Bella Coola filmmaker Banchi Hanuse was in Williams Lake Thursday, Nov. 16 for a screening of her newest film, Aitamaako’tamisskapi Natosi: Before the Sun.
Shot on location in the Blackfoot plains of Southern Alberta, the film follows a young Siksika woman, Logan Red Crow, who is determined to compete in the Indian Relay Race, normally exclusively for men, at the Calgary Stampede.
Before the screening, Hanuse said she was excited for people to see the film in Williams Lake.
“You have the Stampede here and you’ve had Indian Relay Racing the last couple of years,” she said. “I hope it inspires local girls and guys to get into Indian Relay Racing.”
As seen through the film, the Red Crow family and the place where they live are both beautiful.
Logan’s father, Allison Red Crow, and her brother, Racey Big Snake, raise horses and train Logan for racing, while her mother, Jayme Red Snake, is a strong supporter.
Some of the scenes in the movie are filmed by drone, giving the audience an aerial view of the ranch, the vastness of the prairie and the small river meandering through their property.
It is thrilling to have a bird’s eye view as dozens of horses gallop together across the land or Logan rides solo at full speed.
Other times the filming is intimate.
Logan’s breathing is audible as she rides, the camera zooms into the horses’ hooves as they run, or gets super close to the side of Allison’s face as he drives, smokes a cigarette and chats lovingly about his daughter.
Other intimate scenes are when Logan spends time washing or massaging the horses and talking with them.
One of the horses nods his head, as if to say yes, many times when she asks him questions.
After Logan talks about emerging from a bad relationship and finding she could talk about it with the horses, she says, “horses are home.”
As the credits rolled at the end of the film, there was cheering and clapping from the sold-out audience at Paradise Cinemas.
Some people had travelled from Bella Coola and various Tsilhqot’in communities to see the show.
After the film, Hanuse answered questions from the audience, but not before she thanked everyone for coming.
When asked how long the filming lasted, she responded it was shot over a nine-month period and 26 shooting days.
Aubrey Jackson asked about her motivation for the film and how it connects to her Nuxalk culture.
“I grew up on the coast with fish and zero connection to horses, period,” she said.
Two months before she heard about the film she started thinking she would like to do a film about horses because she loved them.
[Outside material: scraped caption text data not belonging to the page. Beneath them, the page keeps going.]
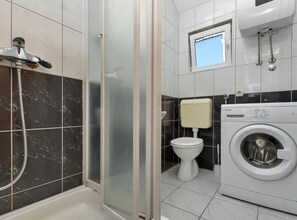 House (Three Bedroom Holiday Home with Sea V) | Bathroom | Shower, towels - Seaside Retreat- Villa Ruža, Hvar Island (Jelsa)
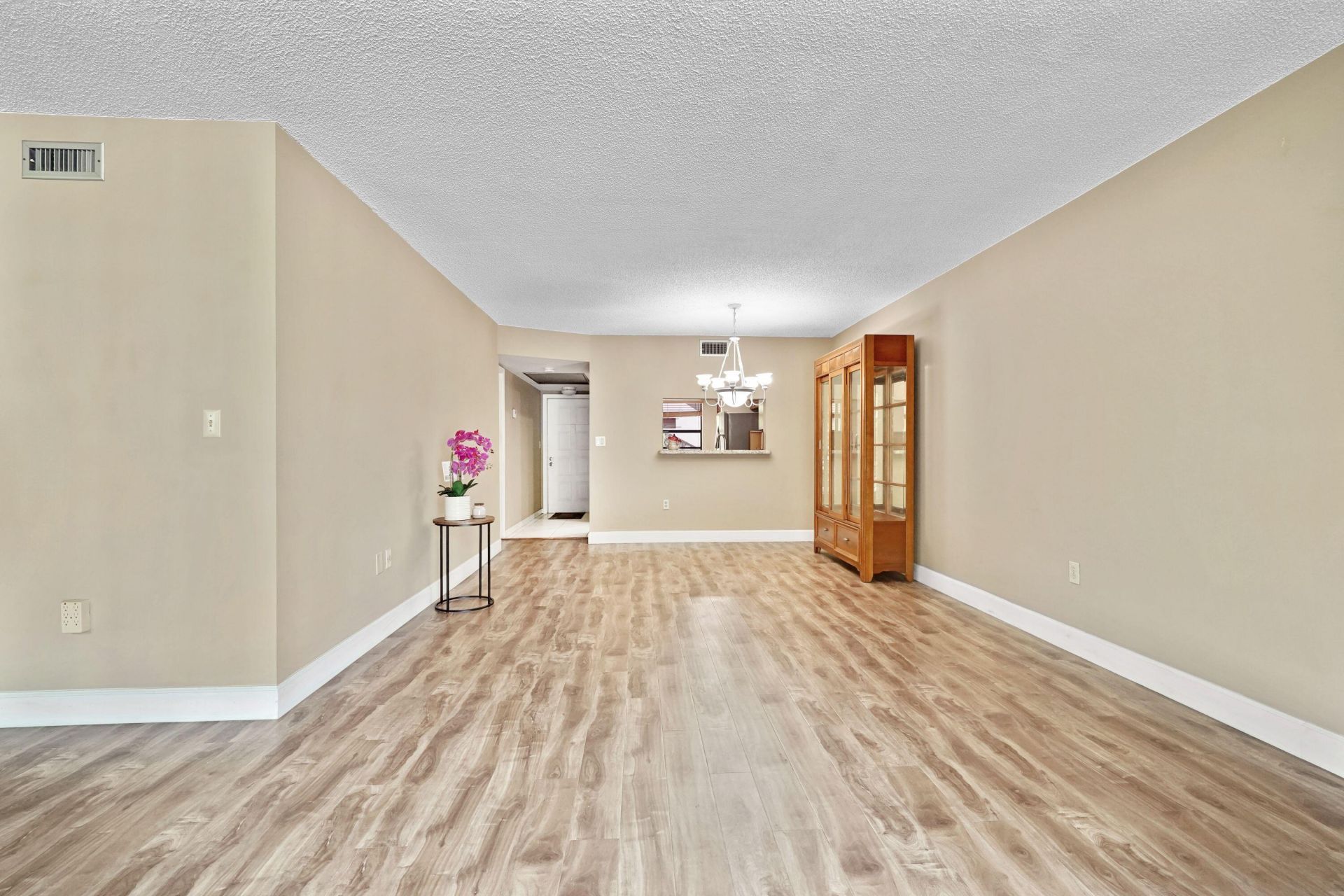 901 Colony Point Circle, Unit 207, Pembroke Pines, FL 33026 Photo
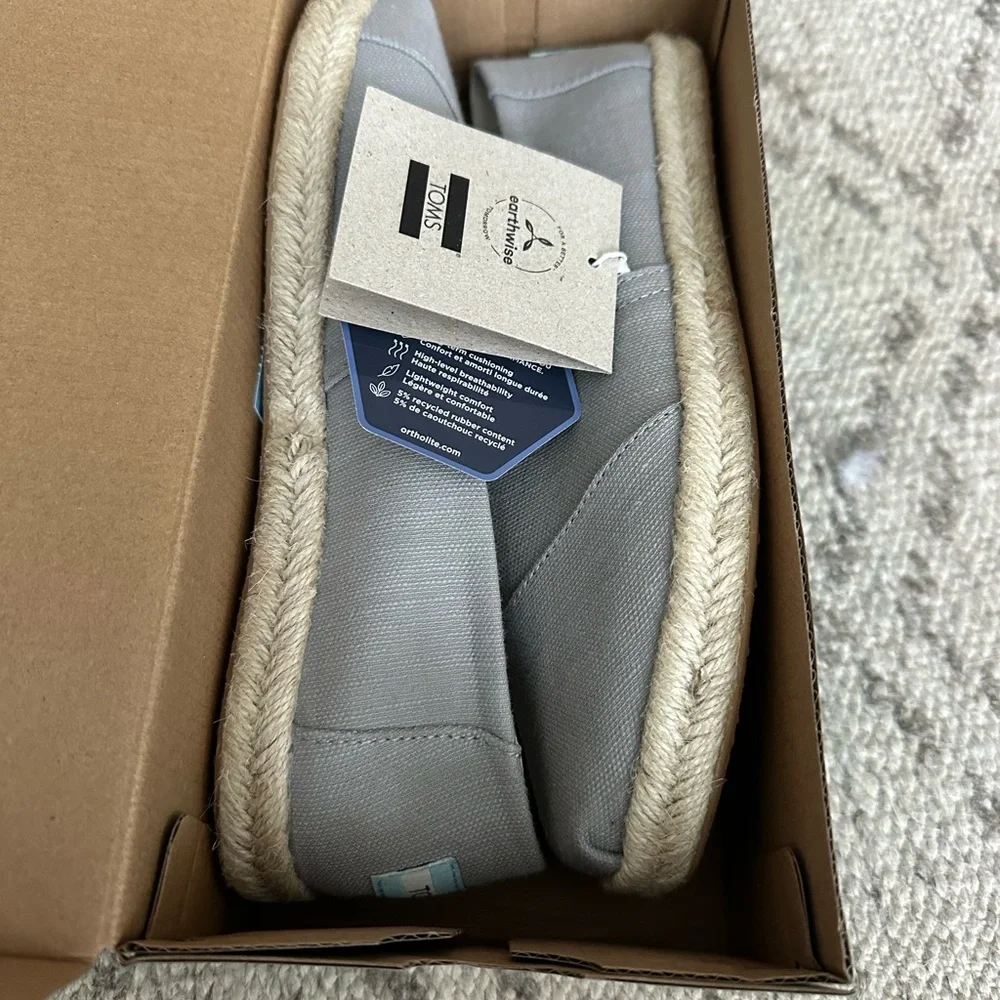 BNWT! TOMS Alpargata Rope Espadrille Slip-On - Women's 7.5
Then she got a call asking her to direct the film, she said.
“I’m really inspired by it,” Jackson told her.
Someone asked how many retakes they had to do, but she explained everything in the film was “pretty much real.”
“If we caught it, then that was it.”
Logan finished racing about three weeks ago and is studying at the University of Calgary, possibly toward becoming a veterinarian, Hanuse responded when asked if Logan is still racing.
Secondary school teacher Frances McCoubrey asked if any moments in the film stood out for Hanuse that will be in her brain for a long time.
Responding, Hanuse said the scene after Logan races at the Calgary Stampede where she and her brother are riding horses together back at the ranch.
“They are talking and having a moment and reflecting and the sunset was happening. It was really a beautiful moment and I felt like, ‘oh, I really love them and I feel like this is going to be a nice story.’”
Another scene she loved and said “was fun” is when Logan drives a small car to buy two hay bales. She has the hay placed on the back of the car and proceeds to drive home, often stopping to pick up one of the bales after it falls off the car.
Hanuse said when she first met Logan, Logan talked a lot about her grandparents.
“Her closeness with her grandparents really resonated with me. I grew up a lot in my life with my grandparents and I really saw that in the film.”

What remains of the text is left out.